I’m starting this piece off with a disclaimer: I bleed green. As an MSU alum, I would never in a million years have pictured myself three years into a relationship with an Ann Arbor native who believes the primary colors are Maize, Blue and that school from Ohio.
My girlfriend was raised in Crisler Arena, attending games and singing “Hail to the Victors” with her late father, a season ticket holder since the mid-1970s. When he passed away a few years back, she and her mother held onto his seats. It was a great way to celebrate her father’s life, and their shared passion for Michigan basketball. However, recently Dave Brandon sent the fateful letter that pulled those memories right out from under my girlfriend – her “club seating” at Crisler.
I understand the need to increase revenue to balance the costs associated with the U-M athletic system, including John Beilein’s much-deserved paycheck. However, the new points-based system is one of the most flawed systems I have ever seen – it takes away from the human aspect of the game and its loyal fans, and turns it into a bidding war among individuals of the highest socio-economic status.
Dave Brandon said in response to the program, "We can think of no better way to say 'Thank you' than by rewarding your loyalty and long-term commitment to our teams … we believe the Michigan Basketball Seating Plan as outlined is equitable for all our great fans."
So, as a token of their appreciation, the sixth-most profitable public university athletic program in the U.S. – $16,002,888 in 2010 according to the U.S. Department of Education – is “rewarding” their loyal fan base with an ultimatum to either write a check with multiple commas to keep their seats, or forfeit them. Somehow, that doesn’t seem fair.
Mr. Brandon’s solution, or “good news,” for loyal fans that may be unwilling or unable to make a significant seat donation and keep their “premium” seats is to offer sections in Crisler exempt from the new policy. But after sitting in her father’s seats in row 17 at midcourt, a move to the corner of the upper bowl is by definition a downgrade, which also strips the sentimental value in this case.
Of course, seating capacity plays a major role in ticket pricing, too – simple case of supply and demand.
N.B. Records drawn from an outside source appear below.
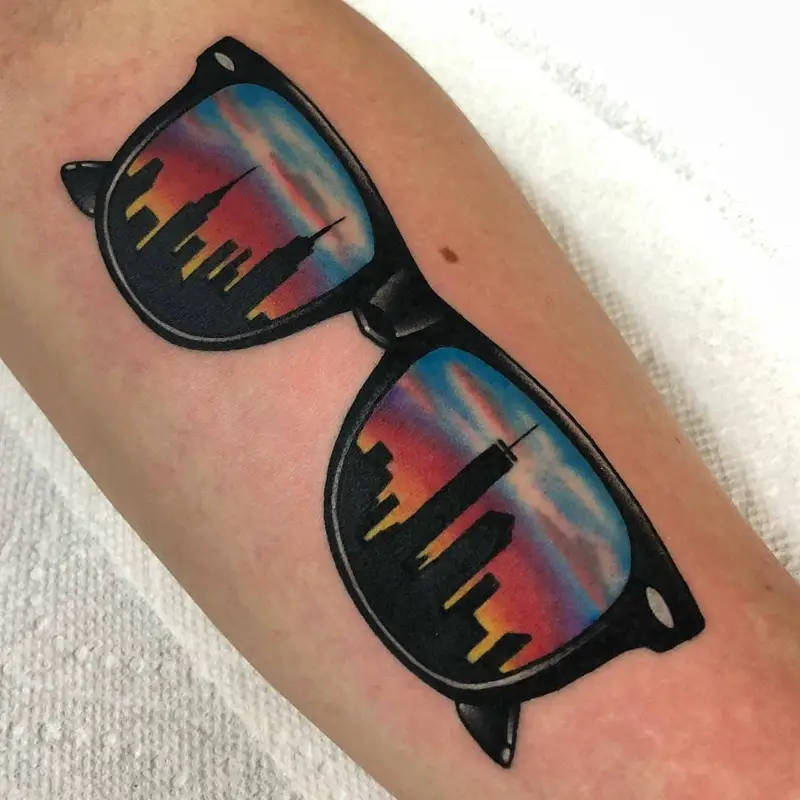 Vibrant Sunglasses Reflecting New York Skyline Tattoo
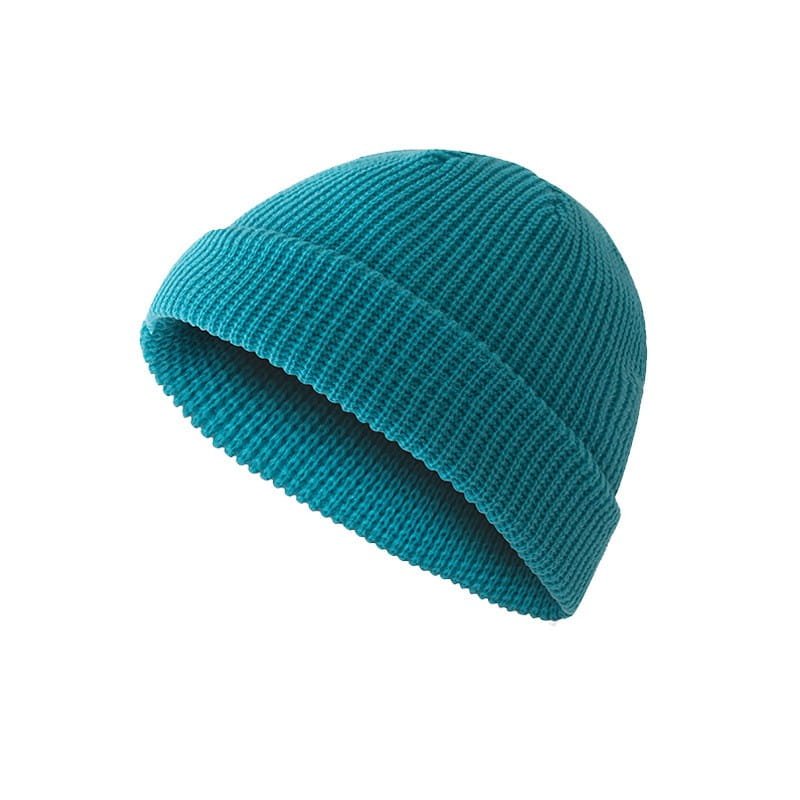 teal ribbed knit beanie with a folded cuff displayed as a dark gray ribbed wool beanie hat product.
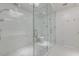 Modern bathroom with a large glass shower and white tile at 111 S Pineapple Ave # 1021, Sarasota, FL 34236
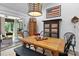 Bright dining room with a large farmhouse table and view to outdoor area at 166 Rumple Hill Dr, Statesville, NC 28677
The Big Ten led the nation in men’s basketball attendance for the 35th straight season in 2011, averaging 12,826 fans at home games – so there’s no shortage of bodies in the stadiums. However, Michigan specifically averaged only 10,640 fans at 19 home games in 2011, the eighth-highest total in the Big Ten and 37th-best in the nation according to recently released data from the NCAA.
U-M Athletics CMO Lochmann said to Crain’s in early 2011, "I've got to get to the bottom of why that doesn't happen (sell outs). I want to get into the data on why people don't come to the games." That’s ironic – the best strategy he and Brandon could come up with was to counterproductively drive season ticket holders out with exponentially higher prices, when in actuality, his goal was to fill seats.
If anything, I see this entire debacle as a desperate attempt to take advantage of the revived program, and all of the bandwagon fans that have since regained support for the U-M basketball program now that NCAA sanctions have been lifted and Chris Webber is too far gone in the rearview to haunt the program any longer. It is a blatant attempt to increase revenue at an opportune time, and help cover the costs associated with the $98 million renovation to Crisler, which was “for the fans,” and supposedly paid for by “generous donations.”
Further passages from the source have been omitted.